JavaListIntersectionJava Problem Overview
Question is simple:
I have two List
List<String> columnsOld = DBUtils.GetColumns(db, TableName);
List<String> columnsNew = DBUtils.GetColumns(db, TableName);
And I need to get the intersection of these. Is there a quick way to achieve this?
Java Solutions
Solution 1 - Java
You can use [retainAll
][1] method:
columnsOld.retainAll (columnsNew);
[1]: http://docs.oracle.com/javase/7/docs/api/java/util/List.html#retainAll(java.util.Collection
Solution 2 - Java
Using Google's Guava library:
Sets.intersection(Sets.newHashSet(setA), Sets.newHashSet(setB))

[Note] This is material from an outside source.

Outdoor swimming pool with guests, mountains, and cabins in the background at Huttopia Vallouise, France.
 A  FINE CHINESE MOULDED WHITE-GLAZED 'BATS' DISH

Note: This is much more efficient than naively doing the intersection with two lists: it's O(n+m), versus O(n×m) for the list version. With two million-item lists it's the difference between millions of operations and trillions of operations.
Solution 3 - Java
Since retainAll won't touch the argument collection, this would be faster:
List<String> columnsOld = DBUtils.GetColumns(db, TableName);
List<String> columnsNew = DBUtils.GetColumns(db, TableName);
for(int i = columnsNew.size() - 1; i > -1; --i){
String str = columnsNew.get(i);
if(!columnsOld.remove(str))
columnsNew.remove(str);
}
The intersection will be the values left in columnsNew. Removing already compared values fom columnsOld will reduce the number of comparisons needed.
Solution 4 - Java
How about
private List<String> intersect(List<String> A, List<String> B) {
List<String> rtnList = new LinkedList<>();
for(String dto : A) {
if(B.contains(dto)) {
rtnList.add(dto);
}
}
return rtnList;
}
Solution 5 - Java
There is a nice way with streams which can do this in one line of code and you can two lists which are not from the same type which is not possible with the containsAll method afaik:
columnsOld.stream().filter(c -> columnsNew.contains(c)).collect(Collectors.toList());
An example for lists with different types. If you have a realtion between foo and bar and you can get a bar-object from foo than you can modify your stream:
List<foo> fooList = new ArrayList<>(Arrays.asList(new foo(), new foo()));
List<bar> barList = new ArrayList<>(Arrays.asList(new bar(), new bar()));
fooList.stream().filter(f -> barList.contains(f.getBar()).collect(Collectors.toList());
Solution 6 - Java
using retainAll if don't care occurrences, otherwise using N.intersection
a = N.asList(12, 16, 16, 17, 19);
b = N.asList(16, 19, 107);
a.retainAll(b); // [16, 16, 19]
N.println(a);
a = N.asList(12, 16, 16, 17, 19);
b = N.asList(16, 19, 107);
a = N.intersect(a, b);
N.println(a); // [16, 19]
N is an utility class in abacus-common
Solution 7 - Java
If you put the second list in a set say HashSet. And just iterate over the first list checking for presence on the set and removing if not present, your first list will eventually have the intersection you need. It will be way faster than retainAll or contains on a list. The emphasis here is to use a set instead of list. Lookups are O(1). firstList.retainAll (new HashSet (secondList)) will also work.
Solution 8 - Java
use org.apache.commons.collections4.ListUtils#intersection
Solution 9 - Java
With Java 8 Stream API (and Java 9 List.of()) you can do following:
List<Integer> list1 = List.of(1, 1, 2, 2);
List<Integer> list2 = List.of(2, 2, 3, 3);
List<Integer> intersection = list1.stream()
.filter(list2::contains)
.distinct()
.collect(Collectors.toList());